Persistence¶
Configure persistent storage for tasks, sessions, and checkpoints.
Quick Start¶
Basic Persistence¶
Enable SQLite persistence:
hector serve --model gpt-4o --storage sqlite
This enables:
- Task persistence
- Session persistence
- Checkpoint/recovery (automatic)
- Database:
.hector/hector.db
With Postgres¶
hector serve \
--model gpt-4o \
--storage postgres \
--storage-db "host=localhost port=5432 user=hector password=secret dbname=hector"
With MySQL¶
hector serve \
--model gpt-4o \
--storage mysql \
--storage-db "hector:secret@tcp(localhost:3306)/hector"
Storage Backends¶
In-Memory (Default)¶
No persistence, data lost on restart:
storage:
tasks:
backend: inmemory
sessions:
backend: inmemory
Fast but not durable.

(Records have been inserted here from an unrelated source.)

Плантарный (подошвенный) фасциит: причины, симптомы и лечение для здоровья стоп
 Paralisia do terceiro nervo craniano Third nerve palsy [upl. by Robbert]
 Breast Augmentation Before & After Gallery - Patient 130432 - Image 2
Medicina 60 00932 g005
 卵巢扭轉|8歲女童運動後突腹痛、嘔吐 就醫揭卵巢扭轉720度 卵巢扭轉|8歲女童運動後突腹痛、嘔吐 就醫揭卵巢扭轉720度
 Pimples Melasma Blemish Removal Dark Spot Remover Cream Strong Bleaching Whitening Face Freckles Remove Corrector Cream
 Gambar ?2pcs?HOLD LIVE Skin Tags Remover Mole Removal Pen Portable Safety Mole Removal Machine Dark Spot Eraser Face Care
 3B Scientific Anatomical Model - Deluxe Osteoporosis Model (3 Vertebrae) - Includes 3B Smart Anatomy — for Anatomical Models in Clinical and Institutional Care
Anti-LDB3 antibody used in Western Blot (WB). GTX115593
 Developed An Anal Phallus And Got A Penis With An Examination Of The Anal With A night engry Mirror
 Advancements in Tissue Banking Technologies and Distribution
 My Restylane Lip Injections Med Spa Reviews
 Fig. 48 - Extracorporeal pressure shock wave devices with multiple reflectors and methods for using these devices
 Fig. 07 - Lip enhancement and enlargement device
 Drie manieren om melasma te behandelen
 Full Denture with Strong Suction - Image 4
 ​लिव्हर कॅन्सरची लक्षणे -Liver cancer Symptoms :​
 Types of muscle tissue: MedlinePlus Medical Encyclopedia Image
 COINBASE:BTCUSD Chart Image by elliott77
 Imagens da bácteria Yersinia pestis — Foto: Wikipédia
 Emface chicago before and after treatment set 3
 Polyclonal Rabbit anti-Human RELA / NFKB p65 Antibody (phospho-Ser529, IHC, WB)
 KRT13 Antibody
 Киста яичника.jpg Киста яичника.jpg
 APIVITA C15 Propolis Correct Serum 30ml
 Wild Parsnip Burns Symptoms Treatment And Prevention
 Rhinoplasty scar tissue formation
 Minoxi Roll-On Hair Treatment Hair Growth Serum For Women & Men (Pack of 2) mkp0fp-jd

Use for development only.
SQLite¶
Embedded database, single file:
databases:
main:
driver: sqlite
database: .hector/hector.db
storage:
tasks:
backend: sql
database: main
sessions:
backend: sql
database: main
Best for:
- Single-instance deployments
- Development
- Edge deployments
- Low-medium traffic
PostgreSQL¶
Production-grade relational database:
databases:
main:
driver: postgres
host: localhost
port: 5432
database: hector
user: hector
password: ${DB_PASSWORD}
max_open_conns: 25
max_idle_conns: 5
conn_max_lifetime: 5m
storage:
tasks:
backend: sql
database: main
sessions:
backend: sql
database: main
Best for:
- Production deployments
- High availability
- Horizontal scaling
- Multiple instances
MySQL¶
Alternative relational database:
databases:
main:
driver: mysql
host: localhost
port: 3306
database: hector
user: hector
password: ${DB_PASSWORD}
max_open_conns: 25
max_idle_conns: 5
storage:
tasks:
backend: sql
database: main
sessions:
backend: sql
database: main
Database Configuration¶
Connection Parameters¶
databases:
main:
driver: postgres # sqlite, postgres, mysql
host: localhost # Database host
port: 5432 # Database port
database: hector # Database name
user: hector # Database user
password: ${DB_PASSWORD} # Password from environment
# Connection pool settings
max_open_conns: 25 # Max open connections
max_idle_conns: 5 # Max idle connections
conn_max_lifetime: 5m # Max connection lifetime
conn_max_idle_time: 1m # Max idle time
SQLite Options¶
databases:
main:
driver: sqlite
database: /var/lib/hector/hector.db # Absolute path
# Or relative path
database: .hector/hector.db
SQLite automatically creates the database file if it doesn't exist.
Connection Strings¶
PostgreSQL DSN¶
databases:
main:
driver: postgres
dsn: "host=localhost port=5432 dbname=hector user=hector password=secret sslmode=disable"
MySQL DSN¶
databases:
main:
driver: mysql
dsn: "hector:secret@tcp(localhost:3306)/hector?parseTime=true"
Task Persistence¶
Tasks are A2A protocol executions:
storage:
tasks:
backend: sql # or inmemory
database: main # references databases config
Persisted data:
- Task ID
- Context ID (Agent)
- Status (pending, running, completed, failed)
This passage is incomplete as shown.